Morre bebê jogada pela mãe sobre teto de casa no Alvorada

Publicado em 01 de junho, 2020

Bebê foi resgatada de teto de casa no bairro Alvorada, em Manaus. Foto: Reprodução

A bebê que foi jogada sobre o teto de uma casa no bairro Alvorada, zona Centro-Oeste de Manaus, há seis dias, pela própria mãe, morreu, nesta segunda-feira (1º/06). Adriana Lima da Cunha, de 23 anos, jogou a criança recém-nascida logo após o parto. A menina foi resgatada por policiais militares já desidratada e com queimaduras provocadas pelo sol.

A Secretaria de Estado de Saúde (Susam) confirmou que a criança morreu na tarde desta segunda-feira. Ela estava internada na Maternidade Alvorada, desde a última terça-feira (26/5), quando foi resgatada pelos PMs. “A recém-nascida teve o quadro clínico agravado evoluindo para o óbito. A RN [recém-nascida] estava internada na unidade há seis dias”, informou a direção da maternidade.

Ao Portal, o advogado de Adriana, Wagner Amacio, informou que agora ela será acusada de infanticídio. Até então, a Polícia Civil tinha instaurado inquérito por tentativa de aborto e tentativa de homicídio.

Durante as investigações do caso, a delegada Joyce Coelho, titular da Delegacia Especializada em Proteção à Criança e ao Adolescente (Depca), afirmou que Adriana tentou abortar, procedimento que acabou precipitando o nascimento da bebê.

Segundo a delegada, depois que a criança nasceu, a jovem jogou a recém-nascida no telhado da casa ao lado de onde morava.

Resgate de telhado

A bebê foi resgatada por policiais militares da 10ª Companhia Interativa Comunitária (Cicom), na manhã da última terça-feira. Investigações da Polícia Civil indicam que ela estava sobre o telhado desde a madrugada do dia, já que o parto ocorreu por volta das 2h. Os PMs foram acionados após moradores ouvirem o choro da criança. Um vídeo mostra o momento do resgate (veja, ao final).

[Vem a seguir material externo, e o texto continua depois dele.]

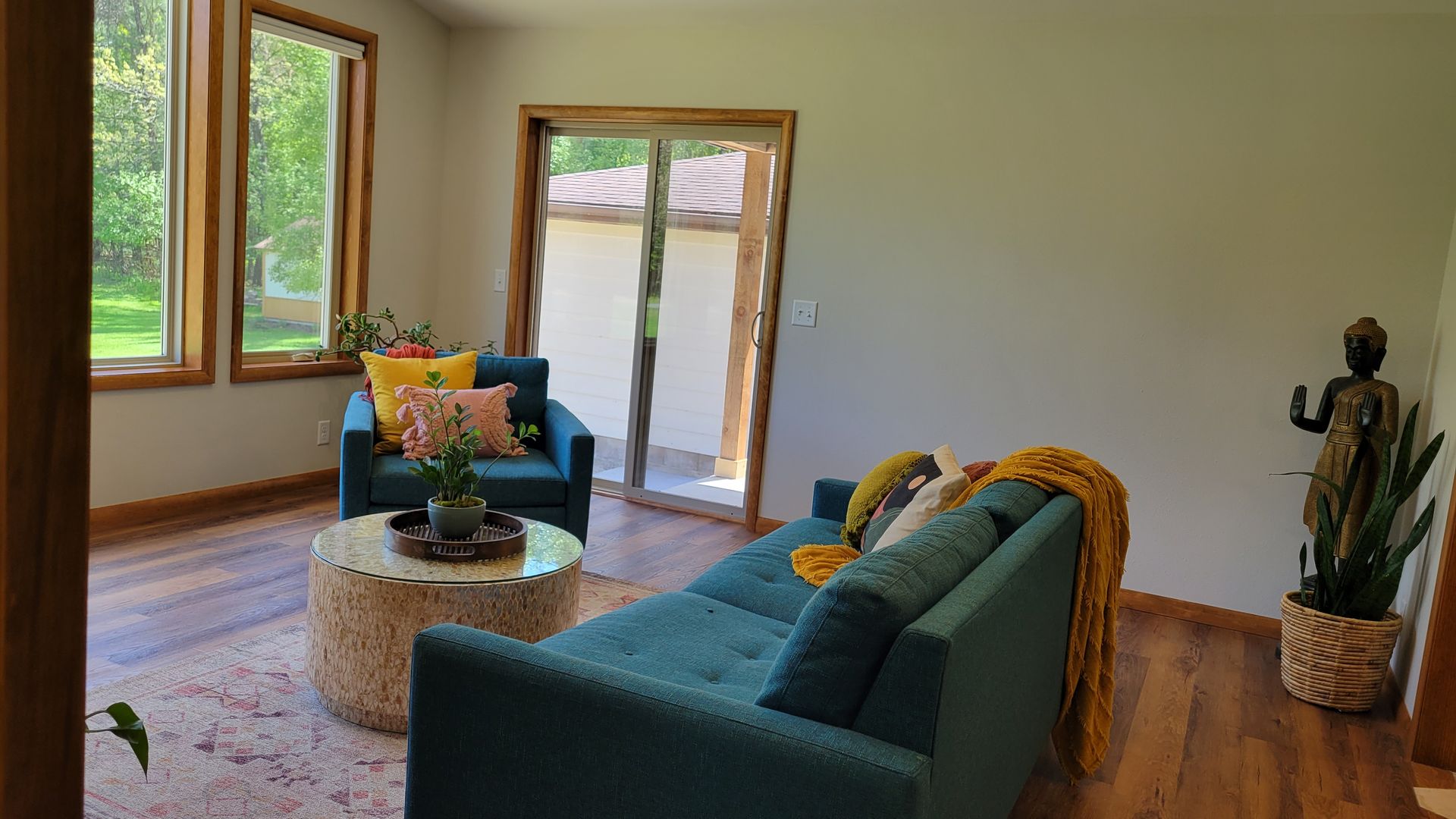 Living room with teal sofa and armchair, round coffee table, sliding door, and a wooden framed window.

No mesmo dia, durante a apuração do caso, investigadores da Depca conseguiram chegar até a mãe da bebê. Eles identificaram rastros de sangue entre a casa da jovem e o teto do imóvel onde a bebê foi deixada.

“À princípio, a mãe [Adriana] tentou negar, dizendo que não estava grávida. Essa versão acabou caindo. Descobrimos que ela ingeriu um medicação que precipitou o parto com a finalidade do aborto. Ela tentou negar também que estivesse com a gravidez adiantada”, informou a delgada Joyce Coelho, na ocasião.

Prisão

Adriana foi detida pelo crime na tarde de terça-feira. A jovem, que é recém-formada em Assistência Social, está presa no Centro de Detenção Provisória Feminino (CDPM). O advogado dela disse que manterá a linha de defesa. Ele alega depressão pós parto. “Foi um momento de insanidade o que aconteceu”, reforçou, nesta segunda-feira.